_WHAT YOU WILL DO_
In your copy of the entries, please include no pictures and return every word exactly.

Web page caption snippets
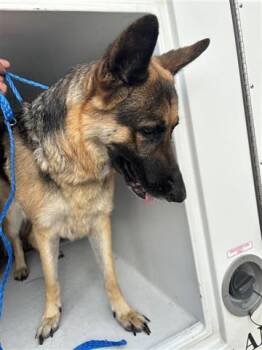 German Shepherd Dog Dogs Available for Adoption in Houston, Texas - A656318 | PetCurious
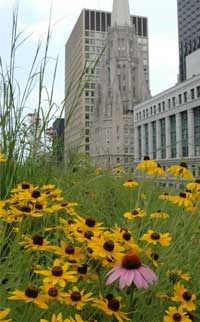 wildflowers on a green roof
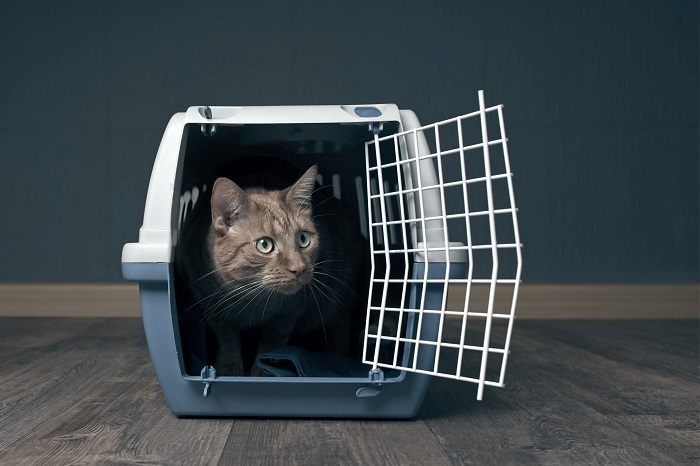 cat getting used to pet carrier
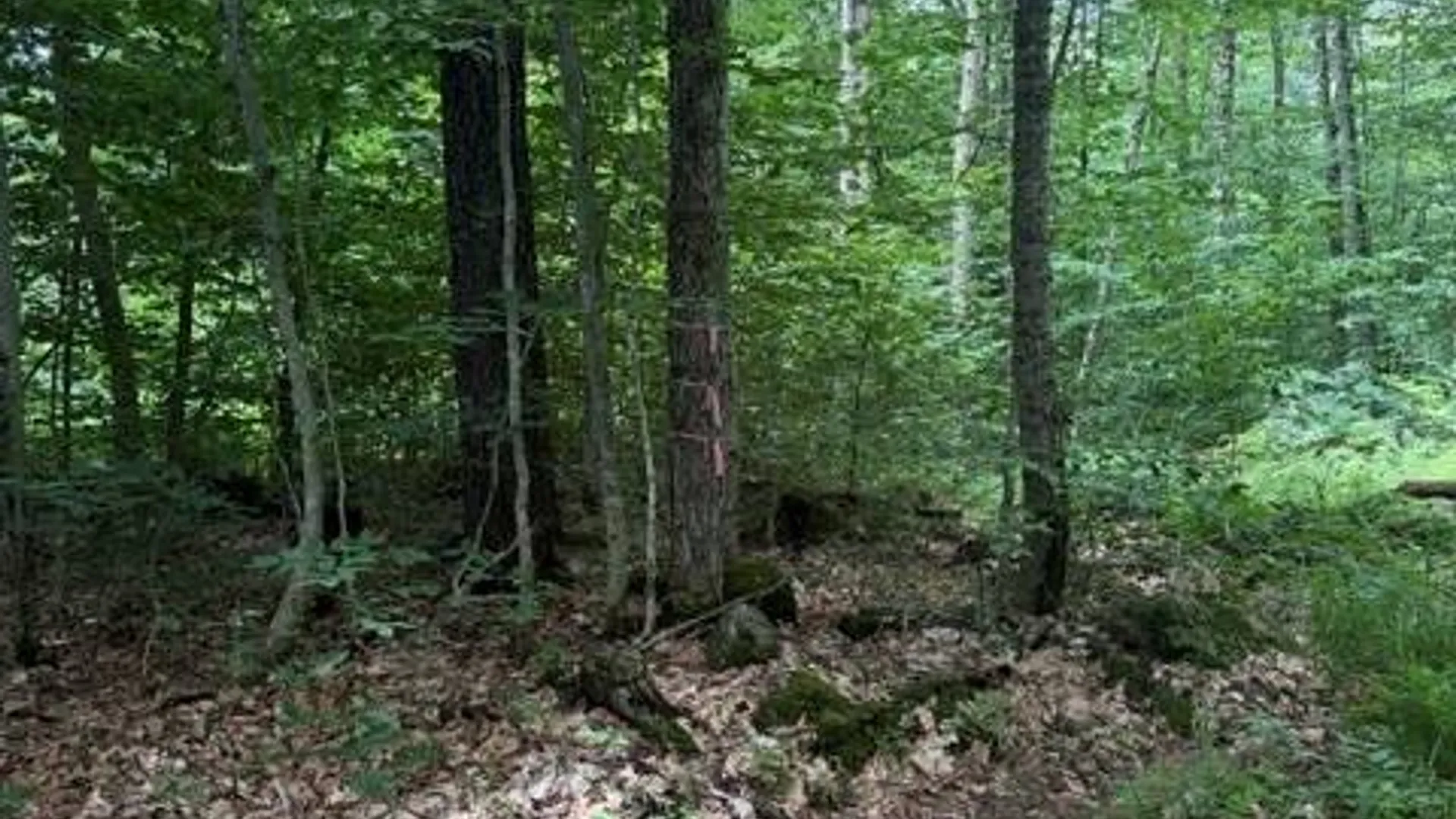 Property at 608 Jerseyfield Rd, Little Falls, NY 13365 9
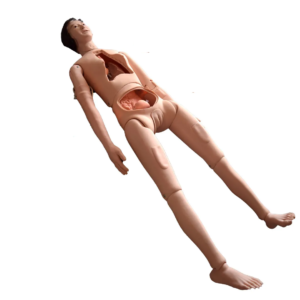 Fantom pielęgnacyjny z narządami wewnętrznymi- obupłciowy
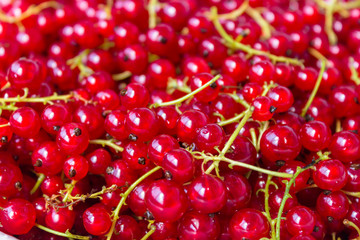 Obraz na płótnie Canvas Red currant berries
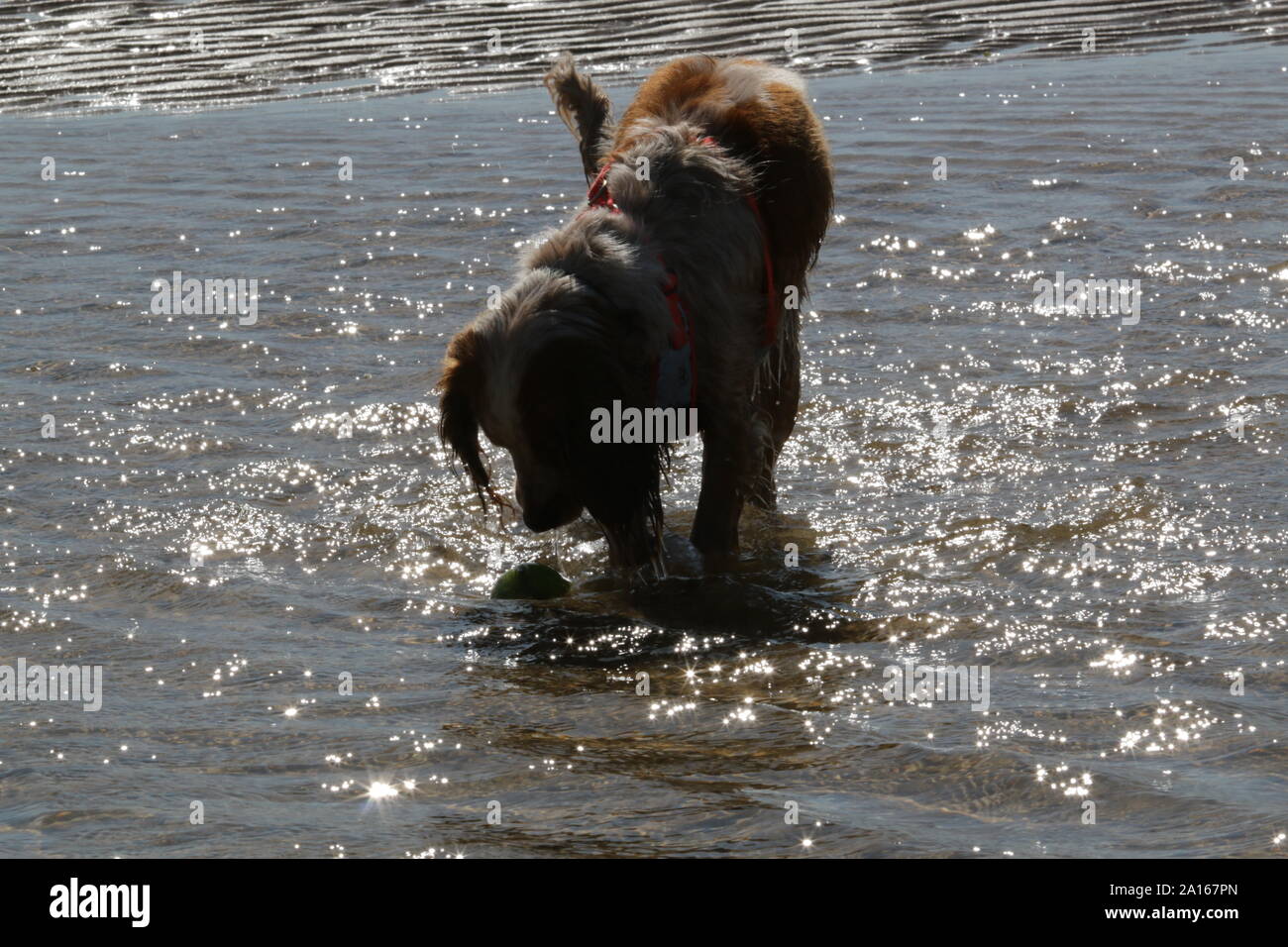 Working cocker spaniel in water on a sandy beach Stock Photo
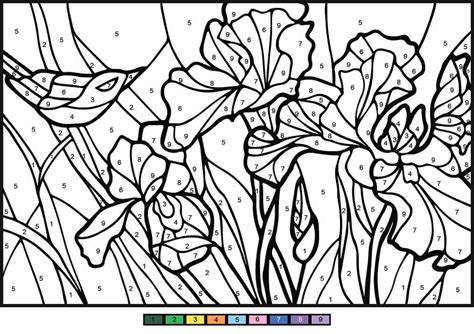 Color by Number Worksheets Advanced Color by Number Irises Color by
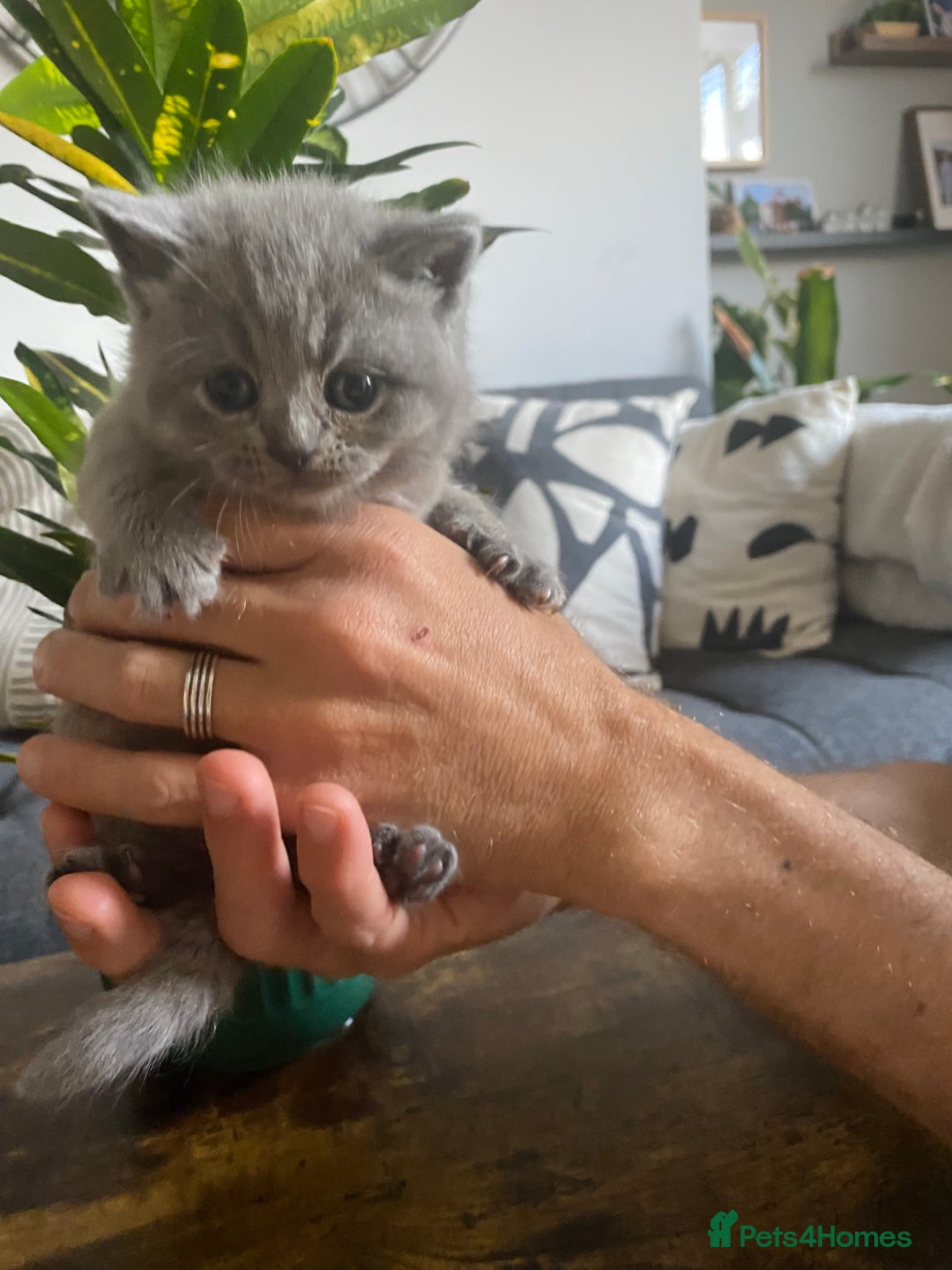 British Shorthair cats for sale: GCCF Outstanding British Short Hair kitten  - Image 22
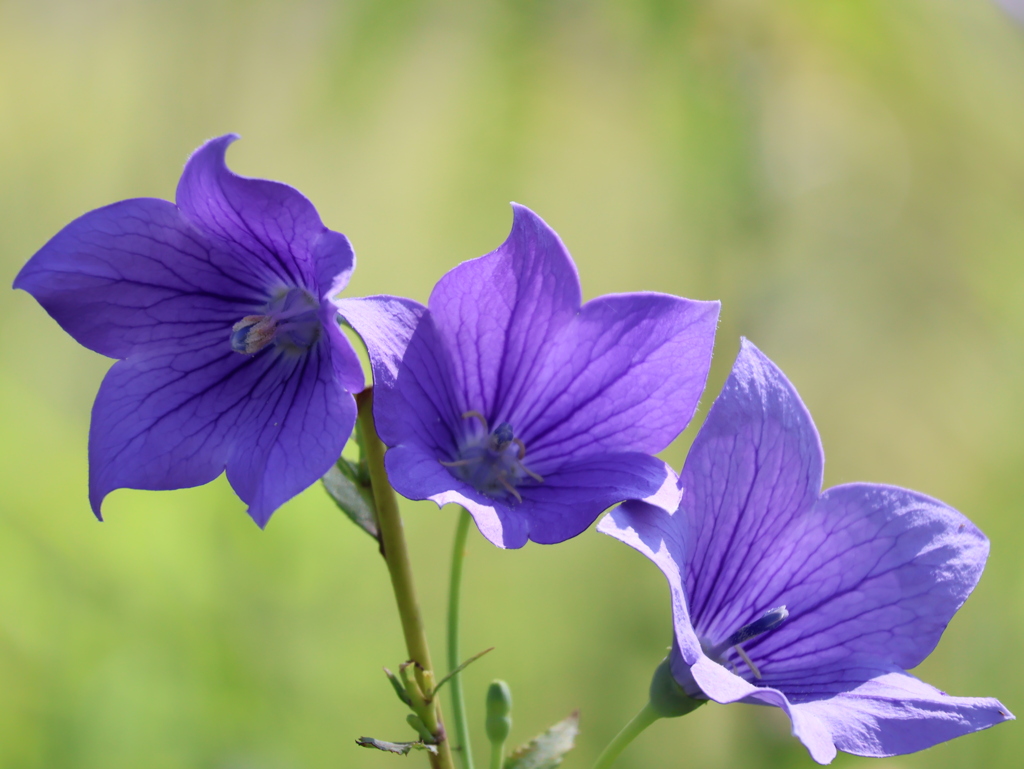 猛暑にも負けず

_YOUR SOLUTION_
 German Shepherd Dog Dogs Available for Adoption in Houston, Texas - A656318 | PetCurious
 wildflowers on a green roof
 cat getting used to pet carrier
 Property at 608 Jerseyfield Rd, Little Falls, NY 13365 9
 Fantom pielęgnacyjny z narządami wewnętrznymi- obupłciowy
 Obraz na płótnie Canvas Red currant berries
 Working cocker spaniel in water on a sandy beach Stock Photo
 Color by Number Worksheets Advanced Color by Number Irises Color by
 British Shorthair cats for sale: GCCF Outstanding British Short Hair kitten  - Image 22
 猛暑にも負けず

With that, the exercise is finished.